近江 新善光寺の寺歴
開山
 今から約800年前、源平の乱(治承の内乱)の後、平清盛の長子、小松内府重盛の一族で、小松左衛門尉宗定という人が、この地に逃れ住みました。小松左衛門尉宗定は、当地の名をとって、高野宗定と称されました。 宗定公は、平家一門の菩提を弔うため、信州善光寺へ48度の参詣を発願されたのです。
 当時は、現在のように道路も整備されおらず、歩いての栗東から信州善光寺への旅は相当に険しく、苦しい旅であったに違いありません。
 その後宗定公は、12年を経て、この願を成就されたのですが、その満願の日の未明の頃に、不思議なことに信州善光寺如来様より、夢の中でお告げを賜ったのです。

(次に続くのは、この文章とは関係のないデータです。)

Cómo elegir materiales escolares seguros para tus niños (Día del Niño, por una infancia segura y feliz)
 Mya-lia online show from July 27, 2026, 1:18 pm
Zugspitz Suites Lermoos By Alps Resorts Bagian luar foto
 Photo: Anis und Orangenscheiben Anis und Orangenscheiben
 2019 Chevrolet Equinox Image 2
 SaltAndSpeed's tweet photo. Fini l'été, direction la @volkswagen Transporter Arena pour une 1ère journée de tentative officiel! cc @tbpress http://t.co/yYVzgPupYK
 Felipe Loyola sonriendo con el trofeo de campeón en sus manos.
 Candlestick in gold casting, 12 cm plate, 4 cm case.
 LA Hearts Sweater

その内容は、宗定公の余りある篤信に、善光寺如来様は深く御慈悲をたれ賜り、「江洲(滋賀県)一円の衆生済度のため、我(善光寺如来の御分身)を連れ帰れ」という霊告をおさずけになられたのです。
 宗定公はこの霊告(おつげ)を深く慶び、夢より覚めると、御分身如来が、宗定公の眼前におたちになっていたのです。
 宗定公は深く慶び、御分身如来をいただき、現在のこの地に請来されたのです。
 時に建長5年(1253年・鎌倉中期)1月13日のことでした。また、当時は如来堂と号していました。
中興の祖
 寛文元年(1661年)になると、膳所城主本多俊次候は、あらたかな善光寺如来に深く帰依(きえ)され、三間四面の本堂を寄進され、略縁起(りゃくえんぎ)を著され、奉納されました。また、「新善光寺」の寺号も本多俊次候から賜ったものです。その後、俊次候のおかげで県下一円に当寺の名が広まり、多くの信者が集まる所となり、地方屈指の名刹となったのです。なかでも、1月13日御判日(ごはんび)、春秋のおひがん、8月のおせがきは、多くの参詣者がおまいりされました。
有栖川宮家御帰依(ありすがわのみや ごきえ)
 明治元年、有栖川宮殿下の三回忌に当たり、宮家より追善のため御尊牌(おいはい)が奉安されました。この際、宮家から御幕と提灯(ちょうちん)の寄進と、各種証文を賜りました。
衰退と再興
 昭和のはじめ頃までは「西の善光寺」といわれ、大変栄えていましたが、自動車、テレビ等の文明の利器の発展とともに、時代の波に流されて徐々に訪れる信者や檀家も少なくなり、衰退していきました。
 昭和44年に前住職が急逝したため、現住職が24歳で住職を引き継ぎました。
引き継いだ当時は、本堂や諸堂が相当に傷んでおり、大修繕の必要性を感じておりましたが、町の教育委員会と兼務のためなかなか思うようには進められませんでした。
 昭和54年、本堂の大修繕に着手いたしました。このときは、檀家総代の決定まで20回以上の会合を費やし、住職の「修繕できないのなら、本堂の梁に首をくくって死ぬ」とまでの決意に、檀家の心が動き、約1年9ヶ月をかけ、1億数千万円の巨費を投入して見事昔日の威容を取り戻したのです。
 その後、本道の修復とともに教育委員会を退職して、寺務に専念。開山堂の全面建替え、仏使の牛建立、庫裏修理等を経て、平成6年には山門の平成大修理に着手。平成9年にはこれも無事に完成し、平成11年には、「案楽園」も完成。今日にいたっています。
国指定重要文化財
 当寺は本堂御本尊-光三尊善光寺如来のほか、慈覚大師円仁(じかくだいしえんにん)作の本造阿弥陀如来を御内仏に安置しています。これは国指定重要文化財であり、南北朝時代の秀作である。


現在の新善光寺は栗東八景という名勝地にも選ばれています。